REQUIREMENT:
Under this line sits a listing. Repeat exactly and only its lines from the one holding "Carte Postale Proverbs" through the one holding "Vintage uitzicht op"; skip pictures.

RECORDS FOR THE TASK:
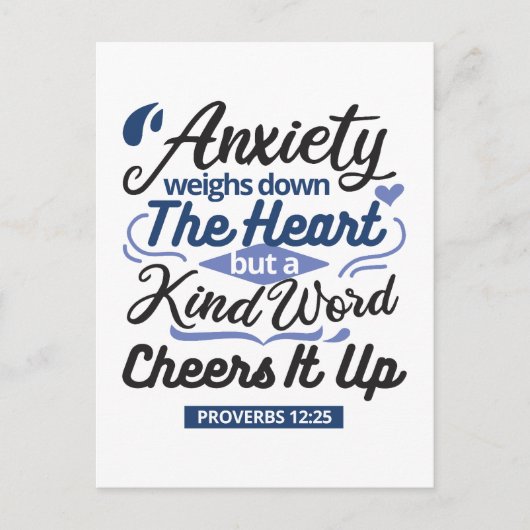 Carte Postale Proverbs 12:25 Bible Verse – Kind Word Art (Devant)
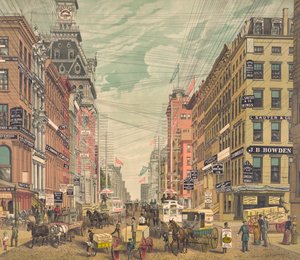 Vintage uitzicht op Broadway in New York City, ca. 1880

* * *

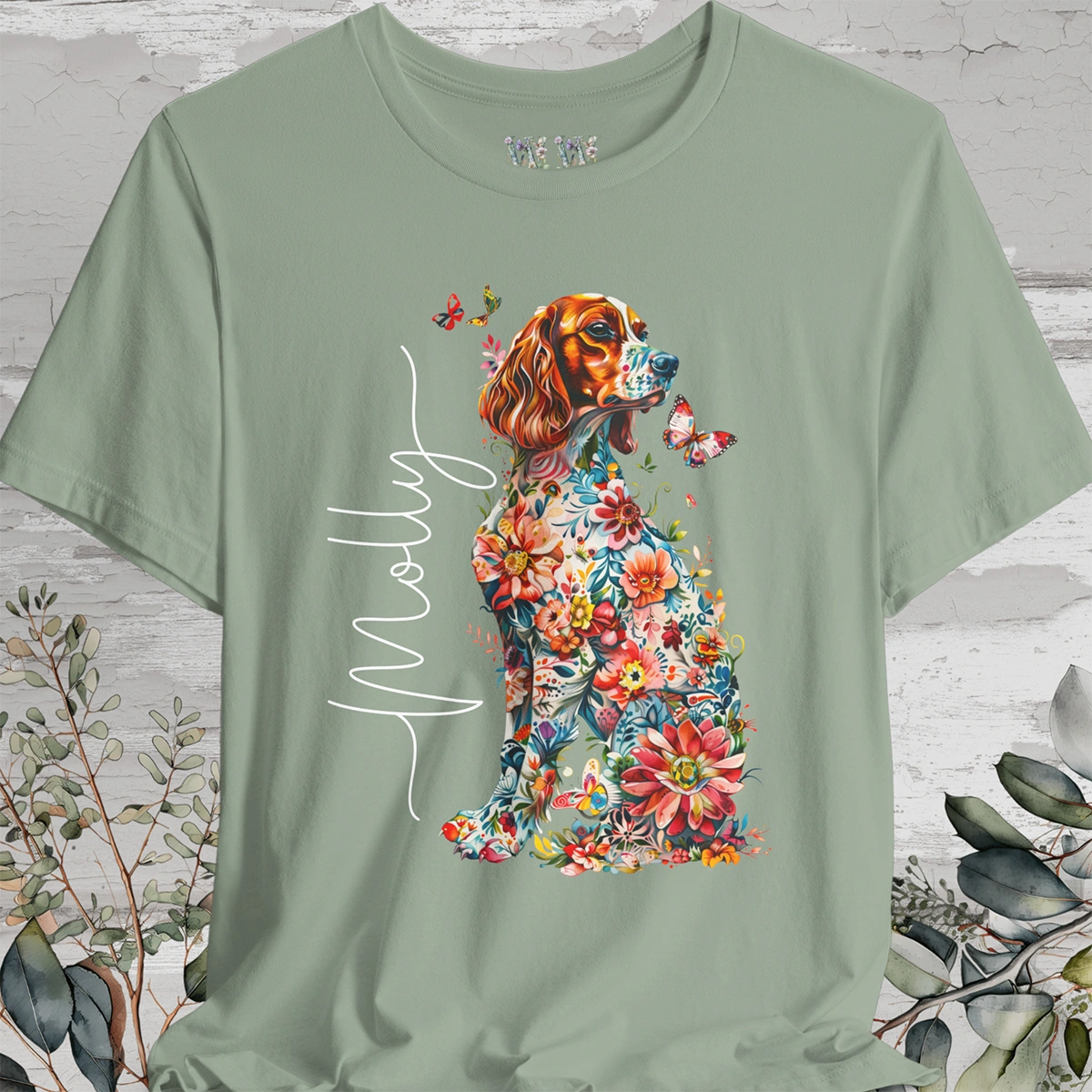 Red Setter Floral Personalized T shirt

* * *

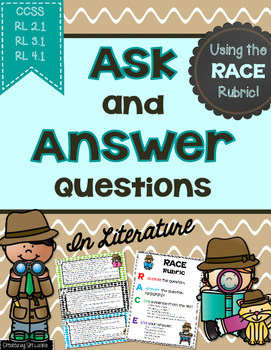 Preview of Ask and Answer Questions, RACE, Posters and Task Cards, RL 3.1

ANSWER TO THE PROBLEM:
 Carte Postale Proverbs 12:25 Bible Verse – Kind Word Art (Devant)
 Vintage uitzicht op Broadway in New York City, ca. 1880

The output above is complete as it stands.